13 There are two additional passages from the decision of the New South Wales Appeal Court in Lee’s case, which deserve inclusion in this decision.

      In the first instance, the example contained in clause 30 of the judgment by Meagher JA is in my view helpful; that clause reads as follows:
          “An example of one such case is the following, which was given by Clarke AJA in the course of argument: company A purchases land in 1980; in 1985 a father and son, X and Y, buy 70% and 30% of the shares in company A; in 1986 company A buys real estate and becomes "land rich", and towards the end of 1987 X acquires Y's 30% interest. There is no reason one can see to apply any discretion in favour of the transaction if the Commissioner were to seek to recover duty on the basis that there had been a 100% transfer of the land. Many other examples can be imagined”
      In the second place I consider that the views of Priestley JA contained in clause 3 of his judgment can usefully be incorporated in this decision; that clause reads:
          “In the course of argument I formed the view that the following propositions might answer the question:

          1. Division 30 was inserted in Pt III of the Act in 1987 to deal with a very particular kind of transaction; namely, one in which shares in a land-owning company were sold and the sale attracted less duty or tax than would have been the case if the land held by the company had been sold, the sale of the shares effecting much the same results so far as the human parties involved were concerned in substance as if the land itself had been sold. The basic idea of the Division was to ensure that transactions by way of sale of shares which had the substantive effect of transferring the ownership of land or an interest in land would bear the rate of duty that the sale of the land or the interest in land itself would have attracted.

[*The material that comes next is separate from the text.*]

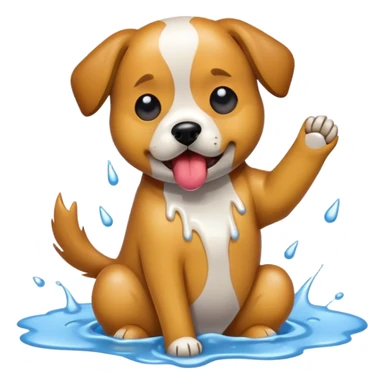 A dog throwing up  sticker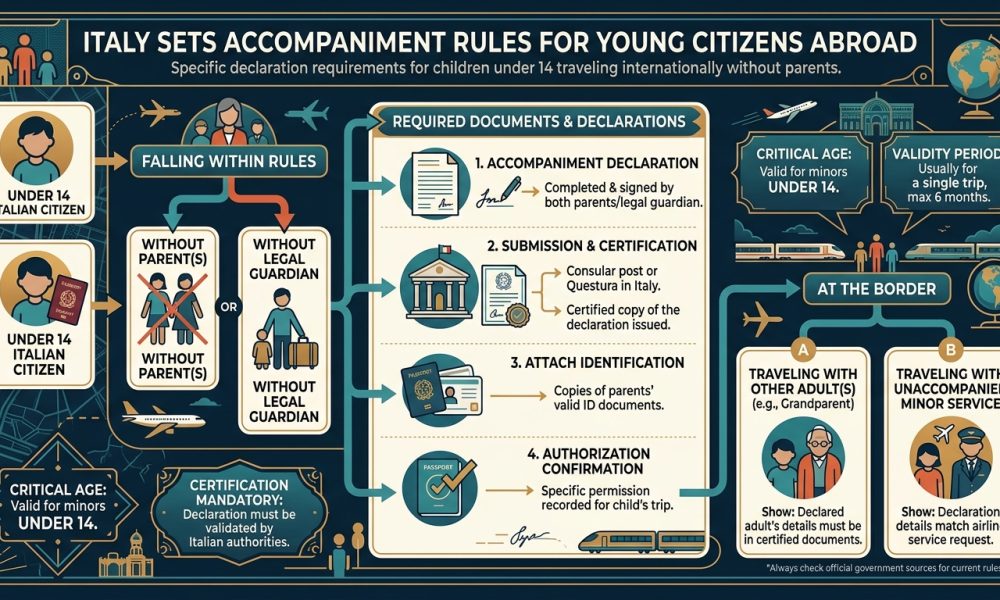Italian minors passport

          2. Within s 99F itself, the grant of the discretion to the Chief Commissioner in subsection (3) recognised that the widely drawn provisions of Division 3O will bring within their operation transactions which the basic purpose of the Division was not aimed at. The existence of the discretion showed that the legislature (or the legislation) intended that there would be some cases which would not attract the whole duty which would be payable if the discretion were not there and were not exercised.

          3. From this it seems to follow that the discretion ought to be exercised in such a way as to prevent any assessment of the amount of duty payable by the operation of Division 30 being greater than the amount that would have been payable if the land or the interest in the land had been transferred directly rather than indirectly by the share transaction.

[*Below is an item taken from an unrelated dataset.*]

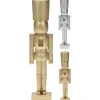 Nussknacker Figur 24 cm groß in Gold oder Silber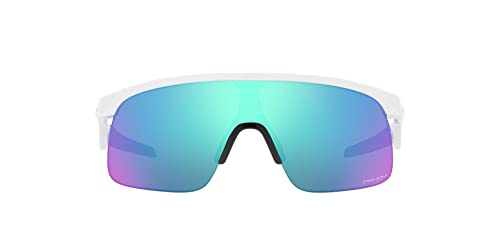 Oakley Youth Oj9010 Resistor Rectangular Sunglasses, Polished White/Prizm Sapphire, 23 Mm #TOP1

          4. When the possibility that this approach might be adopted was raised with counsel, counsel for the Chief Commissioner struggled valiantly to show that’s 99F (3) gave the Chief Commissioner a greater range within which to operate the discretion than the suggested approach would give. However, he was not able, to my mind, to suggest any even broadly workable alternative. His submissions all seemed to me to lead to the conclusion that the Chief Commissioner's discretion would be absolute, which he would exercise in any way that seemed fit to him, without reference to any particular guideline at all, no matter how rough and ready.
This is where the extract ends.